If the object spins about the 2-axis, **ω** = ω**e**_{2}, then **L** = λ_{2}ω**e**_{2}.
This is true in the rotating (body) frame, but it is also true in the space frame since

(d**L**/dt)_{space} = (d**L**/dt)_{body} + **ω**×**L** = 0

where the derivative on the right is zero because **L** is constant in the body frame, and the cross product is zero because **L** is parallel to **ω**.
Let's see if this result emerges from Euler's Equations.

If ω_{1} and ω_{2} are initially zero, then the Euler Equations read

λ_{1}ω_{1}dot = 0

λ_{2}ω_{2}dot = 0

λ_{3}ω_{3}dot = 0

indicating that all three components of ω are constant, and must equal their initial values **ω** = (0, 0, ω).
This agrees with the above argument.

If the object doesn't initially rotate around one of the principal axes, then **ω** is not constant.
This occurs with Euler's Equations because, at least two components of **ω** must be non-zero in order that one of the time derivatives is not zero.
This will occur for the third component, so if it was initially zero, it won't remain zero.
For instance, if ω_{2} and ω_{3} are non-zero, then the first equation will yield ω_{1}dot ≠ 0.
So, once two of its components are non-zero, then **ω** is not constant.

We aren't seeking a general solution to this situation.
But it is interesting to inquire into the stability of the rotation when initially, two or more components of **ω** are non-zero.
This applies, for instance, to the simple example of a rectangular block with three different dimensions.
If it is tossed in the air, rotating mostly about one axis, but with some unavoidable, small rotation about the other axes, will it continue to rotate mostly about one axis, with some small wobble, or will it tumble erratically?
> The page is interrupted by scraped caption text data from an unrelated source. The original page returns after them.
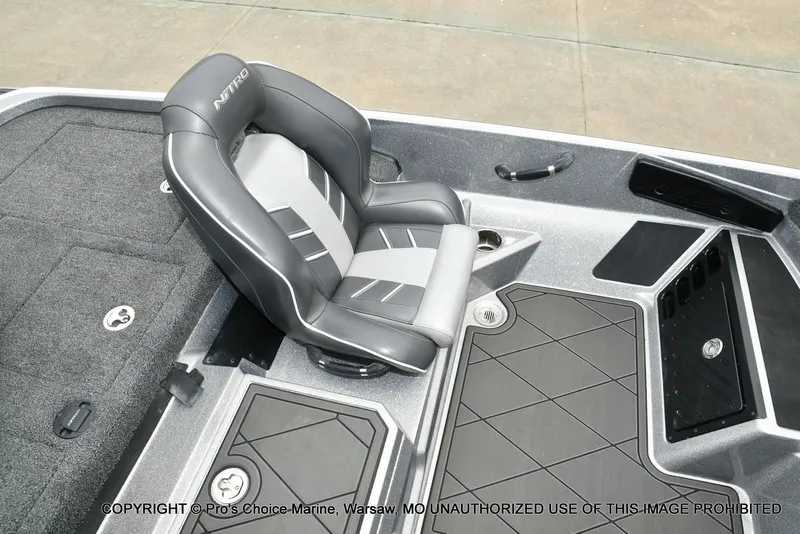 Slide: The Image of 2024 Nitro Z21 XL Pro boat seat and deck details. - 49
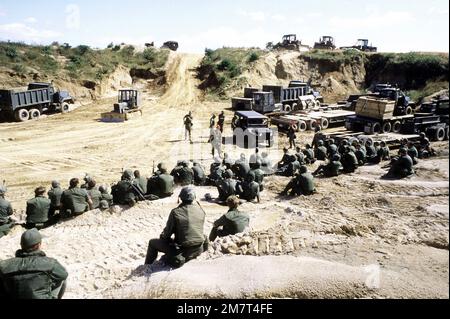 Les membres de l'escadron de génie civil 554th actionnent des bulldozers pour dégager la portée des armes à feu. L'unité participe à un exercice conjoint de formation à la mobilité de l'équipe Red Horse. Base: Camp Casey pays: Corée du Sud Banque D'Images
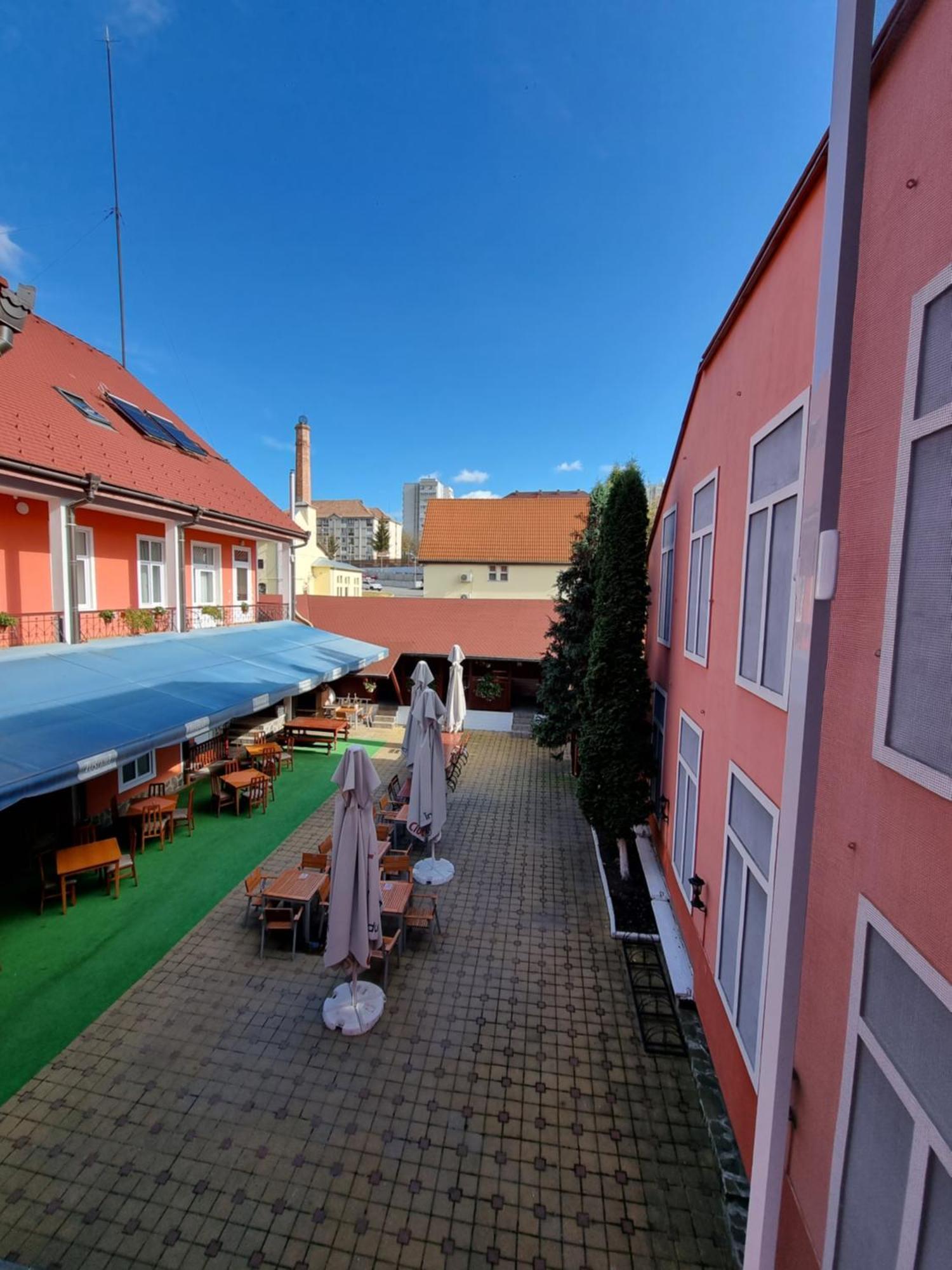 Pensiunea Korona And Restaurant Miercurea Ciuc Buitenkant foto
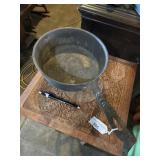 1800s gate marked iron spider legged pot with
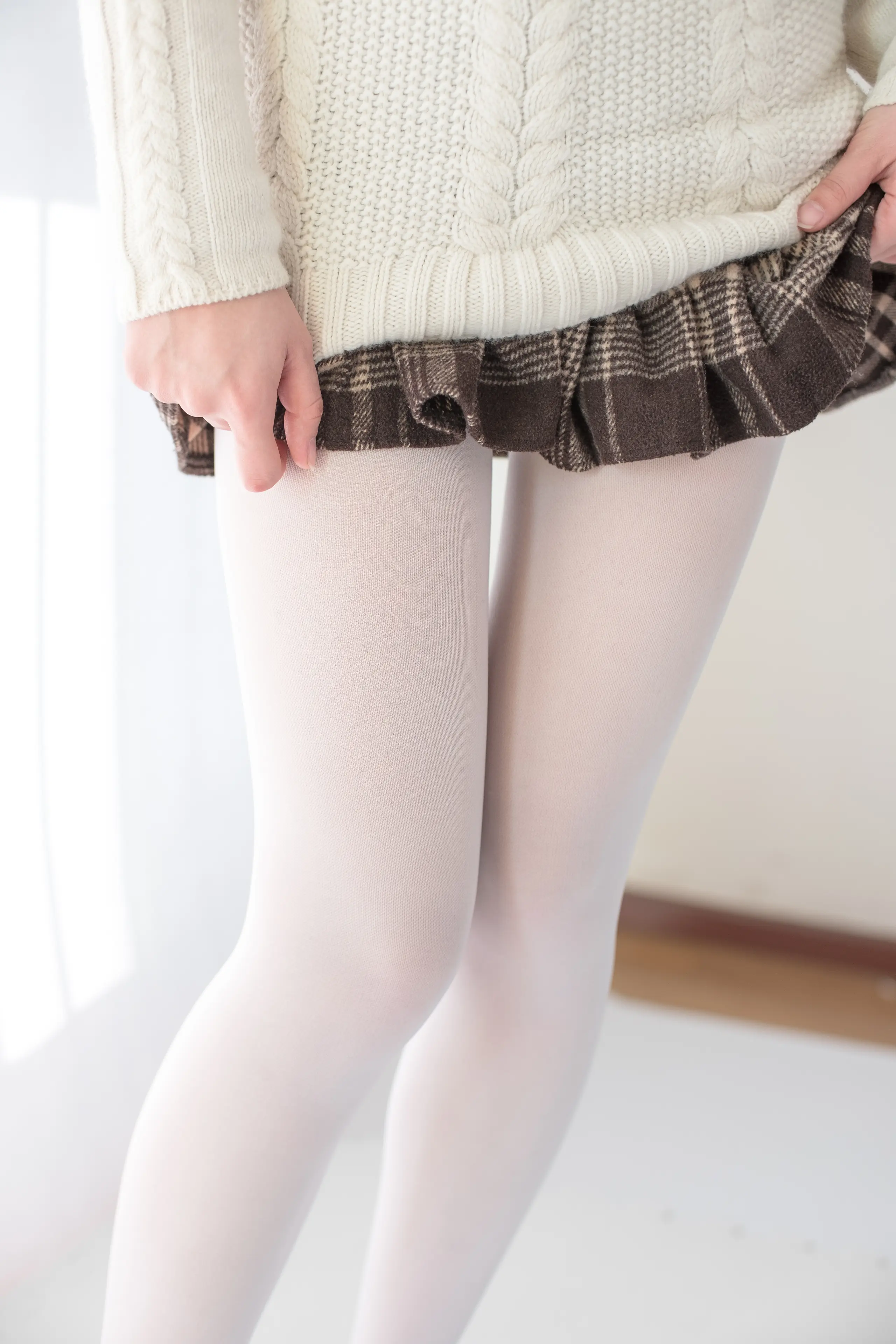 森萝财团 X 忧郁白丝 [99P]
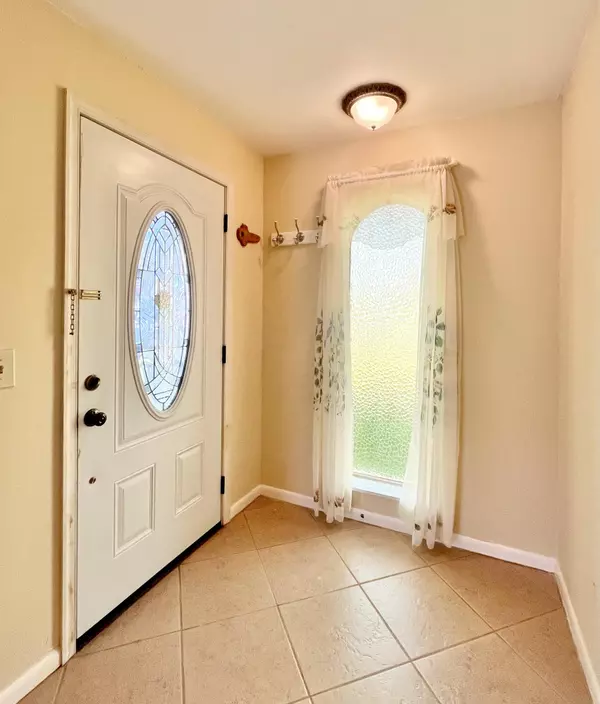 Vero Beach, FL 32960,1935 Robalo DR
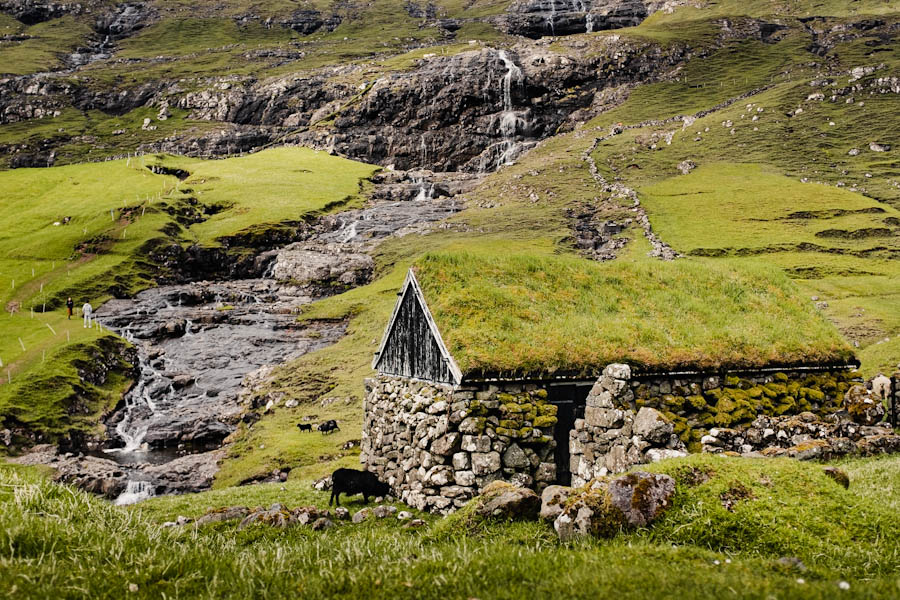 Waterval van Saksun Streymoy Faeröer eilanden - Reislegende.nl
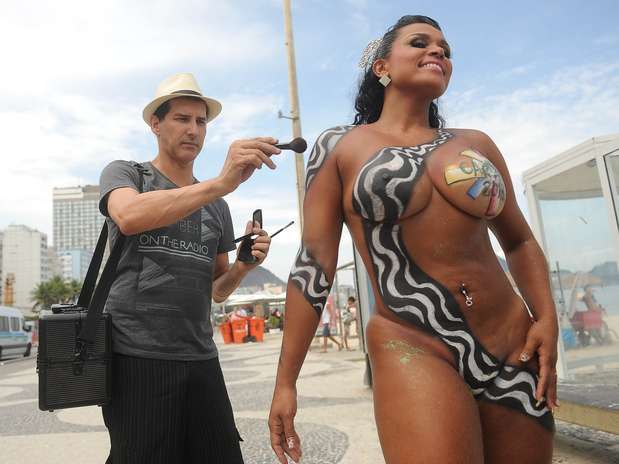 Musa do Carnaval carioca, Andréa Martins pintou o corpo para protestar na praia de Copacabana, no Rio de Janeiro, nesta terça-feira (15). Andrea, que já foi musa por dois anos seguidos da escola de samba Renascer de Jacarepaguá, está inconformada com os preços cobrados pelas agremiações para que ela possa desfilar na Sapucaí, dentro do Grupo Especial Foto: Daniel Ramalho/Terra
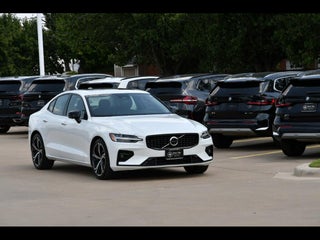 2024 Volvo S60 B5 Plus Dark Theme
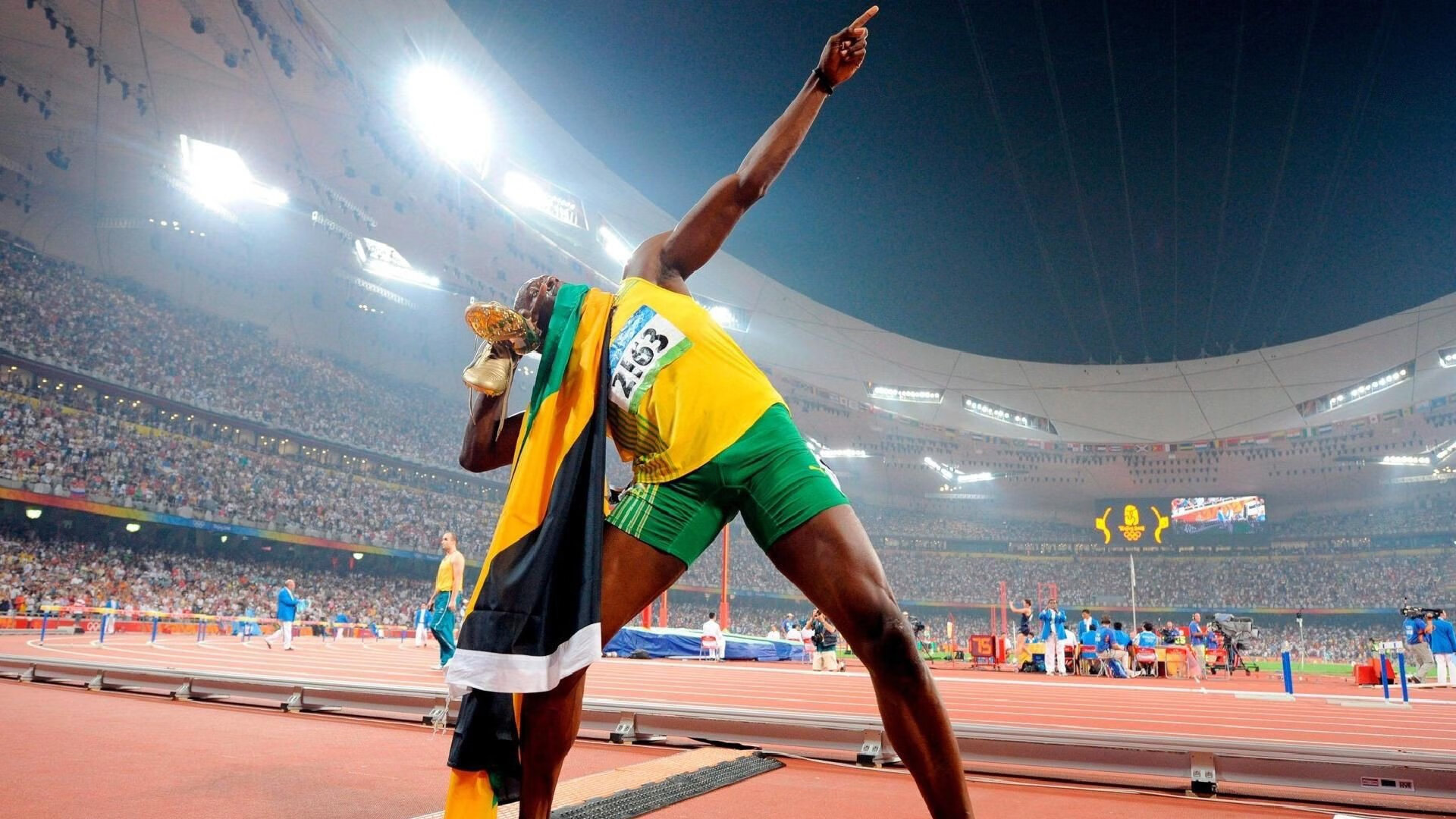 雷霆终结凯尔特人，保罗在西甲国家德比接管比赛，跨界传奇的统治力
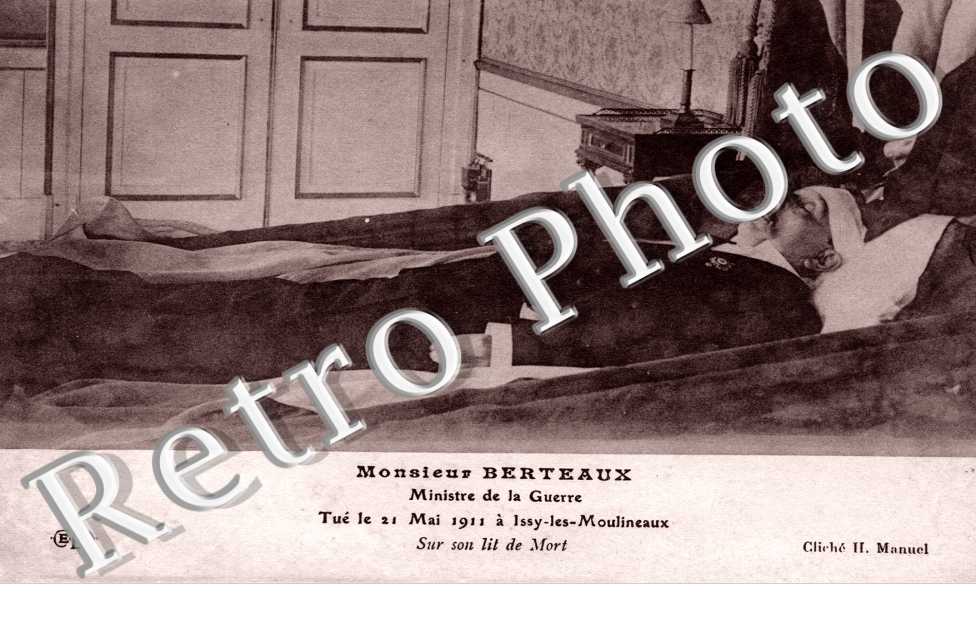 Mr Berteaux (ministre de guerre) sur son lit de mort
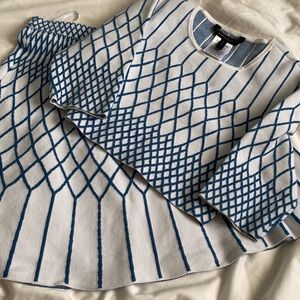 BCBG Max Azria blue and white crop top very stretchy size large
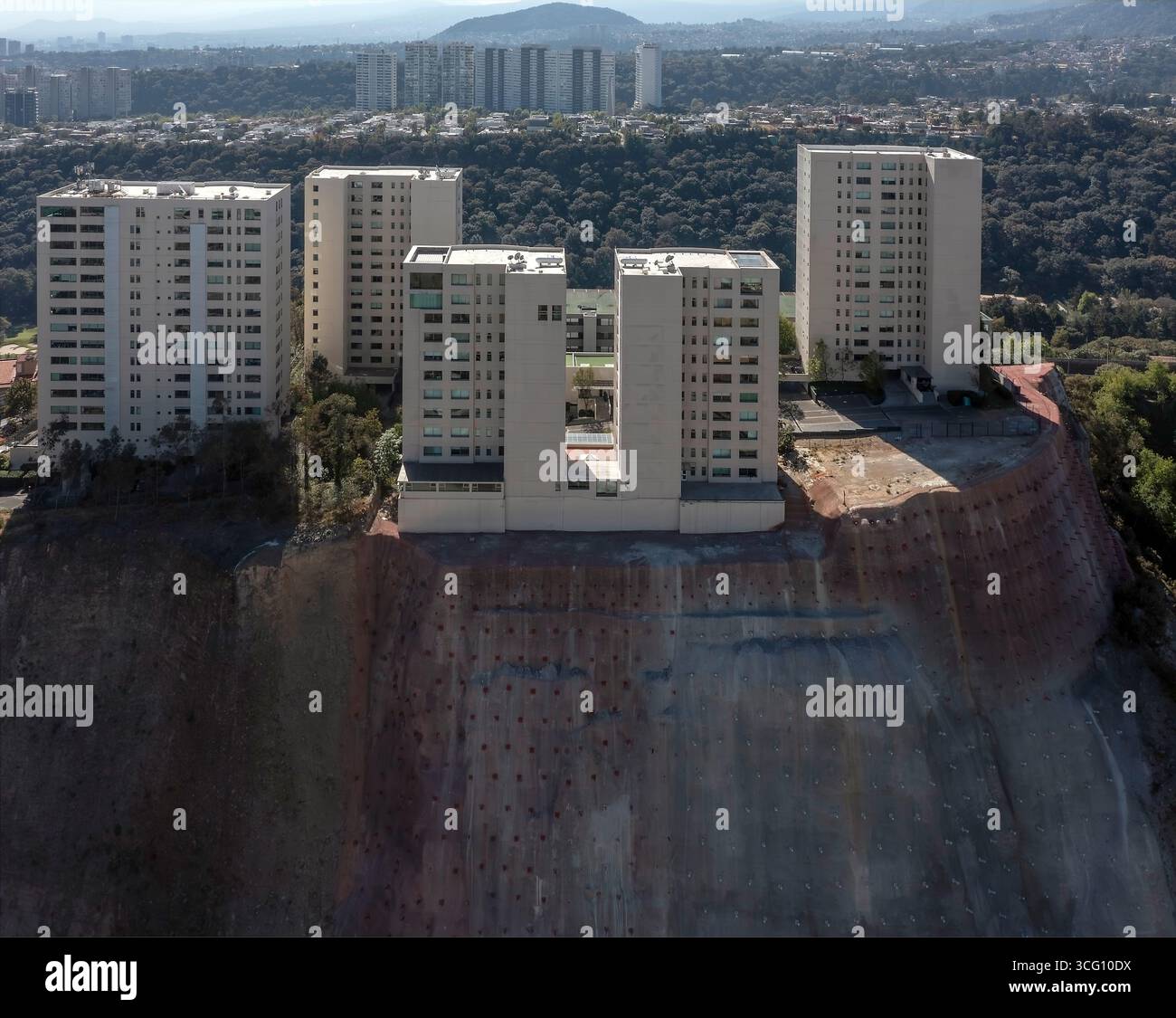 Torri residenziali situate sopra il precipizio rinforzato di Santa Fe, città del Messico, Messico Foto Stock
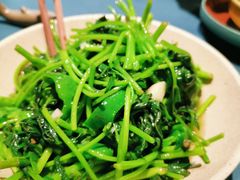 -忆江南·临江鱼馆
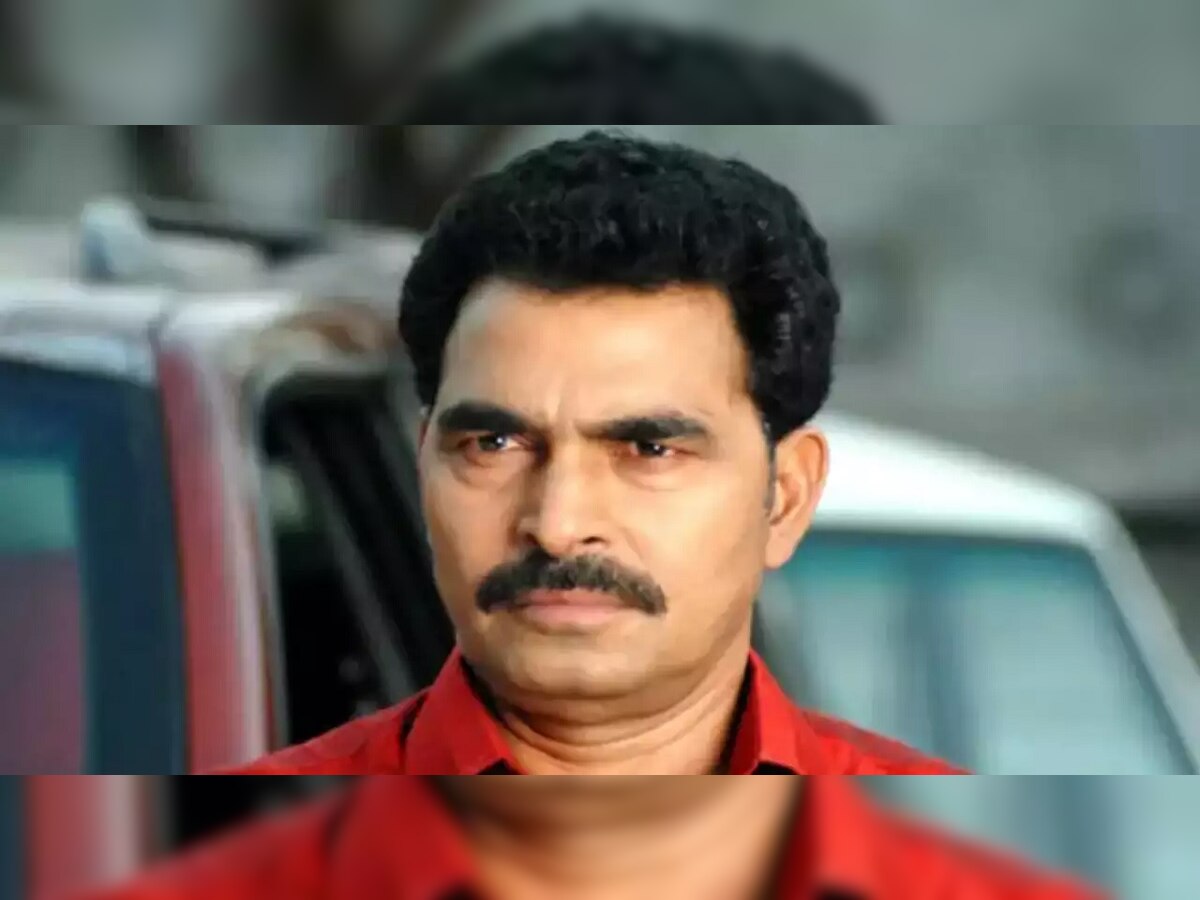 Sayaji Shinde यांच्यावर मधमाशांचा हल्ला! title=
To answer this question, let's set up the problem with initial angular velocity mostly in the ω_{3} direction, and small components in ω_{1} and ω_{2}.
Now the Euler equation for the 3 component says that ω_{3}dot is small, or ω_{3} is approximately constant (at least initially).
Treating ω_{3} as constant, the other two equations become

λ_{1}ω_{1}dot = [(λ_{2} - λ_{3})ω_{3}] ω_{2}

λ_{2}ω_{2}dot = [(λ_{3} - λ_{1})ω_{3}] ω_{1}

To get the result we want, differentiate the first equation with respect to time, treating ω_{3} as constant, and use the second equation to substitute for ω_{2}dot:

λ_{1}ω_{1}ddot = -[(λ_{3} - λ_{2})(λ_{3} - λ_{1})ω_{3}² / λ_{1}λ_{2}] ω_{1}

If the quantity in square brackets is positive, then ω_{1} is a constant times a cosine, that is, it varies, but remains bounded.
This is the condition for stable rotation.
The quantity in brackets is positive if λ_{3} is bigger than both λ_{1} and λ_{2}, or smaller than both.

If λ_{3} is intermediate between the other principal moments, then the quantity in square brackets is negative, and the expression for ω_{1} is an exponential function of time.
This is the unstable case.
The rate of rotation about the 1-axis increases until it is no longer small and our approximation breaks down.

Of course, the indices 1, 2, and 3 can be permuted and the same result holds for each of the axes. The result is that an object with three different principal moments can rotate steadily along the axes with the smallest or largest principal moments, but is unstable when rotated about the axis of intermediate principal moment. That is: rotation about the axes of smallest or largest principal moment is stable against small perturbations about the other axes; rotation about the axis of intermediate principal moment is unstable against small perturbation about the other axes. This is an interesting result that you are probably familiar with, but likely haven't given much thought to.